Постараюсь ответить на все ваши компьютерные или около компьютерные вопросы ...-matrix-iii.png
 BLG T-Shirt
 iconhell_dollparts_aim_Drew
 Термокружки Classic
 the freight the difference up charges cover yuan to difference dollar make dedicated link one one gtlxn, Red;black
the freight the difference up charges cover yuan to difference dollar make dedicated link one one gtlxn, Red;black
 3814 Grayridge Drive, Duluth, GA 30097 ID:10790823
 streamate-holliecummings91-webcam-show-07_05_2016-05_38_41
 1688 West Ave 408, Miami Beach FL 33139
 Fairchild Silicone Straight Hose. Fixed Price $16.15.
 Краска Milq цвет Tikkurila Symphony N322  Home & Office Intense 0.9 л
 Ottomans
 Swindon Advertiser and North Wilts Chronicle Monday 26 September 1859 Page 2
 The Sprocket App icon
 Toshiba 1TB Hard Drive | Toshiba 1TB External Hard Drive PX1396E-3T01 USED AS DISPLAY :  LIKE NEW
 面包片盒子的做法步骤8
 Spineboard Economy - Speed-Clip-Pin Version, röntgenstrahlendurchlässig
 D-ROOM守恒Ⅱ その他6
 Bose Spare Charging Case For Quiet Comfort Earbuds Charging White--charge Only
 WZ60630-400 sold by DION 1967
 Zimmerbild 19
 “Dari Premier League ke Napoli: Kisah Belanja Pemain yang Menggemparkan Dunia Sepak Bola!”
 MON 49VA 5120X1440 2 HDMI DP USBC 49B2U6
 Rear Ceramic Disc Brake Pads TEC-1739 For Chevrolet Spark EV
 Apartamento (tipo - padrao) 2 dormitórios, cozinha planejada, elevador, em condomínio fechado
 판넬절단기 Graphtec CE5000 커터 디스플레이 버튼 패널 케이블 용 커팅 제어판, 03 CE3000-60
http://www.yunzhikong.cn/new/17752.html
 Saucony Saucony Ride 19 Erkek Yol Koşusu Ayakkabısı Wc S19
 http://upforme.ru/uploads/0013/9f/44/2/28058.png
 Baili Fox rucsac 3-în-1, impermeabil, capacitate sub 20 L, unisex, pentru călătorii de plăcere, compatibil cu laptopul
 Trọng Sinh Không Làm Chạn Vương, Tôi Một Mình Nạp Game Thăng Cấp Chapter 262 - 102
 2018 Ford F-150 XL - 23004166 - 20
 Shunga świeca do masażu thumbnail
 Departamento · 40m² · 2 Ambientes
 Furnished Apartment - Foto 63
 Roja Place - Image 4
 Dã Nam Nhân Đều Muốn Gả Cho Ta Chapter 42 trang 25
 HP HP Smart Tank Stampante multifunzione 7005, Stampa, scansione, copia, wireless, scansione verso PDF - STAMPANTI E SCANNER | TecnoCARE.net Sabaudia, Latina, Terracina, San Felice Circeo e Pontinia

→ Work item:
From the line containing "Spineboard Economy - Speed-Clip-Pin" to the last line of the material, please quote every line exactly and only those.

→ Result for this exercise:
 Spineboard Economy - Speed-Clip-Pin Version, röntgenstrahlendurchlässig
 D-ROOM守恒Ⅱ その他6
 Bose Spare Charging Case For Quiet Comfort Earbuds Charging White--charge Only
 WZ60630-400 sold by DION 1967
 Zimmerbild 19
 “Dari Premier League ke Napoli: Kisah Belanja Pemain yang Menggemparkan Dunia Sepak Bola!”
 MON 49VA 5120X1440 2 HDMI DP USBC 49B2U6
 Rear Ceramic Disc Brake Pads TEC-1739 For Chevrolet Spark EV
 Apartamento (tipo - padrao) 2 dormitórios, cozinha planejada, elevador, em condomínio fechado
 판넬절단기 Graphtec CE5000 커터 디스플레이 버튼 패널 케이블 용 커팅 제어판, 03 CE3000-60
http://www.yunzhikong.cn/new/17752.html
 Saucony Saucony Ride 19 Erkek Yol Koşusu Ayakkabısı Wc S19
 http://upforme.ru/uploads/0013/9f/44/2/28058.png
 Baili Fox rucsac 3-în-1, impermeabil, capacitate sub 20 L, unisex, pentru călătorii de plăcere, compatibil cu laptopul
 Trọng Sinh Không Làm Chạn Vương, Tôi Một Mình Nạp Game Thăng Cấp Chapter 262 - 102
 2018 Ford F-150 XL - 23004166 - 20
 Shunga świeca do masażu thumbnail
 Departamento · 40m² · 2 Ambientes
 Furnished Apartment - Foto 63
 Roja Place - Image 4
 Dã Nam Nhân Đều Muốn Gả Cho Ta Chapter 42 trang 25
 HP HP Smart Tank Stampante multifunzione 7005, Stampa, scansione, copia, wireless, scansione verso PDF - STAMPANTI E SCANNER | TecnoCARE.net Sabaudia, Latina, Terracina, San Felice Circeo e Pontinia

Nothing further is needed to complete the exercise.